§ Work required
The lines to copy are those holding the string "Play" in the entries below.

Crawled caption data
= Beginning of Section =

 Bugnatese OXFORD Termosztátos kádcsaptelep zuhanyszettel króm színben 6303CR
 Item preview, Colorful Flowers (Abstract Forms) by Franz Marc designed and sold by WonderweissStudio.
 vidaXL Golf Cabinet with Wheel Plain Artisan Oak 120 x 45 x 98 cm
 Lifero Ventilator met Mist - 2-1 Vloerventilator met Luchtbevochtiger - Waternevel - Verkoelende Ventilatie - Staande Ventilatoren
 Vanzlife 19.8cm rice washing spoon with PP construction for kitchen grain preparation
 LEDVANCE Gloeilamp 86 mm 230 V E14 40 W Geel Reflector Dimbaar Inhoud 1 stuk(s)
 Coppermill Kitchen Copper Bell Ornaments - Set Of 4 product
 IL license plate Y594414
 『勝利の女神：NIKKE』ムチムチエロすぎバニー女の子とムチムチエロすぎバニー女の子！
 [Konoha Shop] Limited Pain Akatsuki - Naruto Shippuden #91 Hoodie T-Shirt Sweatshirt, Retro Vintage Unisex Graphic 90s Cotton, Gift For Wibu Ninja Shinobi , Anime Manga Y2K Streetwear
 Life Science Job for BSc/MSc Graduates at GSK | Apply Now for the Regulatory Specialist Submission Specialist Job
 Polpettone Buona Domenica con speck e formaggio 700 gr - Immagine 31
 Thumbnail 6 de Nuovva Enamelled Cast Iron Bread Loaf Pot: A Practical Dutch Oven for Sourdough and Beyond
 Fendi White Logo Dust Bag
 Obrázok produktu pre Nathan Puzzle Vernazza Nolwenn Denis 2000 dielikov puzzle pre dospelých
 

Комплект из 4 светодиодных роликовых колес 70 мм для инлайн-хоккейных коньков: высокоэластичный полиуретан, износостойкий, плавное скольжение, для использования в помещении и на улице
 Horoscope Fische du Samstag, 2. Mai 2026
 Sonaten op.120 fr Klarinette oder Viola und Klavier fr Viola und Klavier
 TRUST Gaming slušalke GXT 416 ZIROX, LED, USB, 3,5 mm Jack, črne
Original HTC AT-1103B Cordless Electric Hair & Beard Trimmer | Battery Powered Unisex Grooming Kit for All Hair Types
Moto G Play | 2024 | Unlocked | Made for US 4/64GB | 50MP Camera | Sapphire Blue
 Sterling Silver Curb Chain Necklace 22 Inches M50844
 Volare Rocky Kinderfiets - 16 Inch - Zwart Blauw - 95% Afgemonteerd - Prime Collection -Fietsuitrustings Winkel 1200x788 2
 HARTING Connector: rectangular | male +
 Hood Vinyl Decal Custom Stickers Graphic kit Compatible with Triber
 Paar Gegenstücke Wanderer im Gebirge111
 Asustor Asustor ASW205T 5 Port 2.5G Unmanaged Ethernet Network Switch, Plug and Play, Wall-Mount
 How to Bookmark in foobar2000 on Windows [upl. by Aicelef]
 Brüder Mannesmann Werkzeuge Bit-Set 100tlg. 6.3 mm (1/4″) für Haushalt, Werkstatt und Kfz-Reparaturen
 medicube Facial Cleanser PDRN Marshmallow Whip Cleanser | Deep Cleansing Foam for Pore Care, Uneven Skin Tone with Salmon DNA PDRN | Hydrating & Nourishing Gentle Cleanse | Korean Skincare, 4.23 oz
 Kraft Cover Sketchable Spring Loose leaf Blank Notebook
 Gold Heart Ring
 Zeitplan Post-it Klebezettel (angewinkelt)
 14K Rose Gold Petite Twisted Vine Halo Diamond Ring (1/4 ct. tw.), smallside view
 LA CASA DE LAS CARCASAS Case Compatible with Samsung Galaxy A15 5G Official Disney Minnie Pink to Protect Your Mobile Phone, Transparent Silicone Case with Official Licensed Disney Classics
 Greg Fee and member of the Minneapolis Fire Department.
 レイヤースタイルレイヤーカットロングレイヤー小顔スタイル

= End of Section =

§ Problem solution
Moto G Play | 2024 | Unlocked | Made for US 4/64GB | 50MP Camera | Sapphire Blue
 Asustor Asustor ASW205T 5 Port 2.5G Unmanaged Ethernet Network Switch, Plug and Play, Wall-Mount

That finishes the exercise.